Source information -
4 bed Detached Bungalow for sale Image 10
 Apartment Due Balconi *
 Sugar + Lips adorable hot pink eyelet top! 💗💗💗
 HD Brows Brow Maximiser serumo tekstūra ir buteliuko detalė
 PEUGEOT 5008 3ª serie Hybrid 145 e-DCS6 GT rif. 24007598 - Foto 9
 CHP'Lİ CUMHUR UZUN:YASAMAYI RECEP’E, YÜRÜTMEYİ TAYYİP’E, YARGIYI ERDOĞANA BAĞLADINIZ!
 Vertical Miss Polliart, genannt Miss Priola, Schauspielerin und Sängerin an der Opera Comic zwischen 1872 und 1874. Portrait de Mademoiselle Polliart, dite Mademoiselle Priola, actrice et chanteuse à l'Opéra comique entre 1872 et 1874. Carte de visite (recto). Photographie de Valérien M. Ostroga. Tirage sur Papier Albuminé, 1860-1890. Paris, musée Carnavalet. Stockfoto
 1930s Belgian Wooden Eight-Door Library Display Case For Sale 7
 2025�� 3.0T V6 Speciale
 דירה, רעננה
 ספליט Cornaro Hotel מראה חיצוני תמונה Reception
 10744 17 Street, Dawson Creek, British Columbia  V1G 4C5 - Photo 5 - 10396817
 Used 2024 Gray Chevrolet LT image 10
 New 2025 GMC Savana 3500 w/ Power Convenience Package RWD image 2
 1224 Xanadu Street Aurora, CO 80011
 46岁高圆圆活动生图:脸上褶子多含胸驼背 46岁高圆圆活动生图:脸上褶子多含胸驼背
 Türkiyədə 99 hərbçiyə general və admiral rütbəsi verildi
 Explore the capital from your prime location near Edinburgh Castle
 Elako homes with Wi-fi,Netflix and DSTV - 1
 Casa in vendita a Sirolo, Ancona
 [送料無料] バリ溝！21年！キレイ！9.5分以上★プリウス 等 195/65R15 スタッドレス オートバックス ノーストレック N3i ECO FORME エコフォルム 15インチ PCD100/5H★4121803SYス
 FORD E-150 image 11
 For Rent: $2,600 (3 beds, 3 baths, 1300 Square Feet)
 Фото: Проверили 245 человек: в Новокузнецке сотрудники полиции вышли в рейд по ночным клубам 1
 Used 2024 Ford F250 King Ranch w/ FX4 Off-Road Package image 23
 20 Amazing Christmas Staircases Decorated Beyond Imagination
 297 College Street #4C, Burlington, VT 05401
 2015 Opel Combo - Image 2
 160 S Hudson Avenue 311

Your objective - Give back the lines of the data exactly as they are written, from the first line through the line containing "ספליט Cornaro Hotel".

Response to the exercise -
4 bed Detached Bungalow for sale Image 10
 Apartment Due Balconi *
 Sugar + Lips adorable hot pink eyelet top! 💗💗💗
 HD Brows Brow Maximiser serumo tekstūra ir buteliuko detalė
 PEUGEOT 5008 3ª serie Hybrid 145 e-DCS6 GT rif. 24007598 - Foto 9
 CHP'Lİ CUMHUR UZUN:YASAMAYI RECEP’E, YÜRÜTMEYİ TAYYİP’E, YARGIYI ERDOĞANA BAĞLADINIZ!
 Vertical Miss Polliart, genannt Miss Priola, Schauspielerin und Sängerin an der Opera Comic zwischen 1872 und 1874. Portrait de Mademoiselle Polliart, dite Mademoiselle Priola, actrice et chanteuse à l'Opéra comique entre 1872 et 1874. Carte de visite (recto). Photographie de Valérien M. Ostroga. Tirage sur Papier Albuminé, 1860-1890. Paris, musée Carnavalet. Stockfoto
 1930s Belgian Wooden Eight-Door Library Display Case For Sale 7
 2025�� 3.0T V6 Speciale
 דירה, רעננה
 ספליט Cornaro Hotel מראה חיצוני תמונה Reception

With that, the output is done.